* **Exercise objective**:
Could you please output all of the data exactly, without the images?

* **Provided material**:
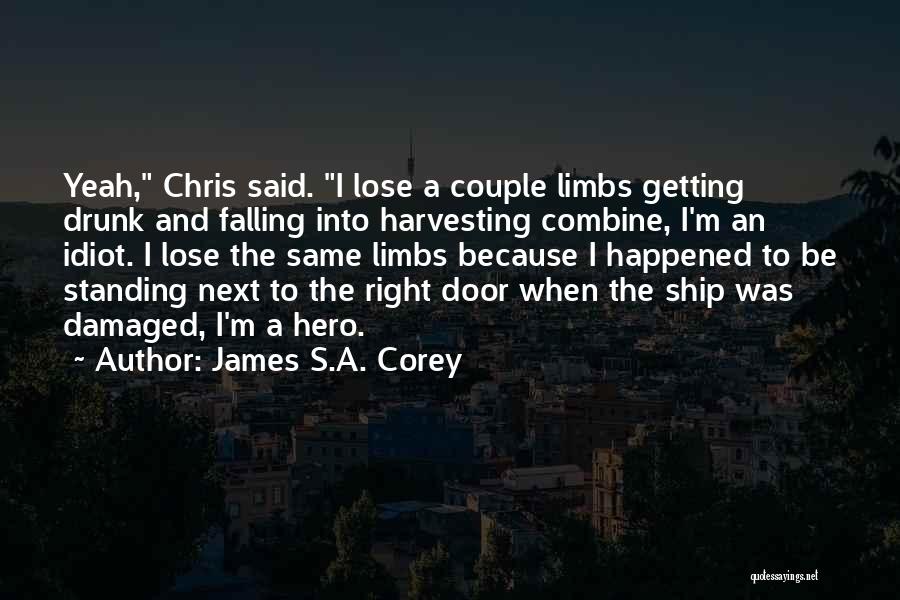 James S.A. Corey Quotes: Yeah, Chris Said. I Lose A Couple Limbs Getting Drunk And Falling Into Harvesting Combine, I'm An Idiot. I Lose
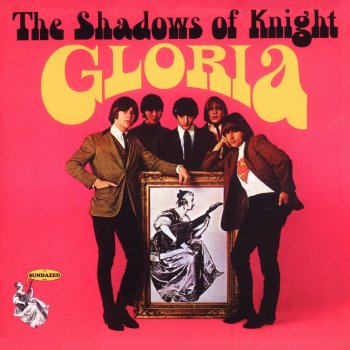 The Shadows of Knight Gloria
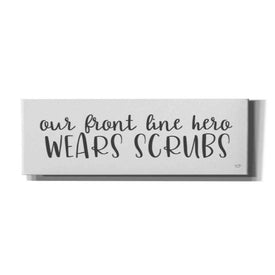 'Our Front Line Hero Wears Scrubs' by Lux + Me Designs, Canvas, Wall Art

* **Answer to the problem**:
 James S.A. Corey Quotes: Yeah, Chris Said. I Lose A Couple Limbs Getting Drunk And Falling Into Harvesting Combine, I'm An Idiot. I Lose
 The Shadows of Knight Gloria
 'Our Front Line Hero Wears Scrubs' by Lux + Me Designs, Canvas, Wall Art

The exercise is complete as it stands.